(What is expected): Below are records to transcribe in full and unchanged; omit every picture.

Study material Block Start

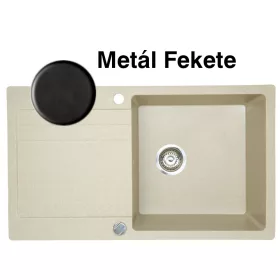   Riva 1B 1D gránit mosogatótálca GranMaster - Metál fekete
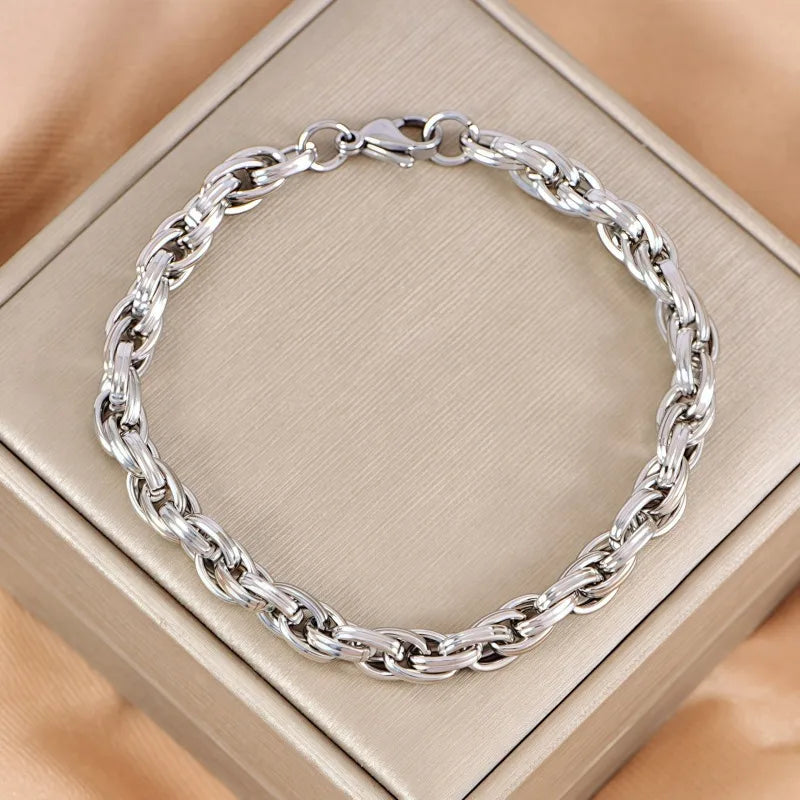 Simple Style Classic Style Geometric 304 Stainless Steel Bracelets In Bulk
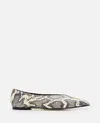 Aeyde Moa Snake Print Goat Leather Creamy Shoes In Beige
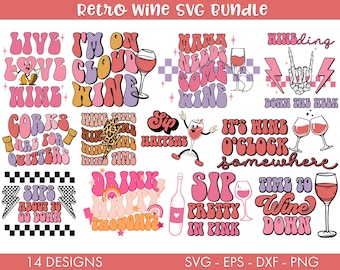 Puede incluir: Un conjunto de 14 diseños SVG de temática vinícola de estilo retro. Los diseños presentan colores rosa, morado y rojo con varias frases de texto como "Live Love Wine", "I'm on Cloud Wine", "Mama Needs Some Wine", "Wine-ding Down the Week", "Corks Are for Quitters", "Wine Time", "Sip Happens", "It's Wine O'Clock Somewhere", "Sips About to Go Down", "Drink Happy Thoughts", "Sip Pretty in Pink", y "Time to Wine Down".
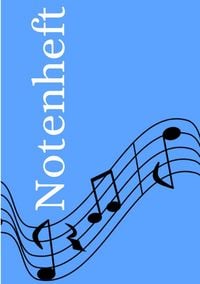 Produktbild: Notenheft: DIN A5 Notenlinienheft | 200 Seiten mit 12 Notenzeilen / Systeme pro Blatt | Papier 90g/m&sup2; | Musikheft mit Notenlinien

Study material Block End

(Exercise result):
   Riva 1B 1D gránit mosogatótálca GranMaster - Metál fekete
 Simple Style Classic Style Geometric 304 Stainless Steel Bracelets In Bulk
 Aeyde Moa Snake Print Goat Leather Creamy Shoes In Beige
 Puede incluir: Un conjunto de 14 diseños SVG de temática vinícola de estilo retro. Los diseños presentan colores rosa, morado y rojo con varias frases de texto como "Live Love Wine", "I'm on Cloud Wine", "Mama Needs Some Wine", "Wine-ding Down the Week", "Corks Are for Quitters", "Wine Time", "Sip Happens", "It's Wine O'Clock Somewhere", "Sips About to Go Down", "Drink Happy Thoughts", "Sip Pretty in Pink", y "Time to Wine Down".
 Produktbild: Notenheft: DIN A5 Notenlinienheft | 200 Seiten mit 12 Notenzeilen / Systeme pro Blatt | Papier 90g/m&sup2; | Musikheft mit Notenlinien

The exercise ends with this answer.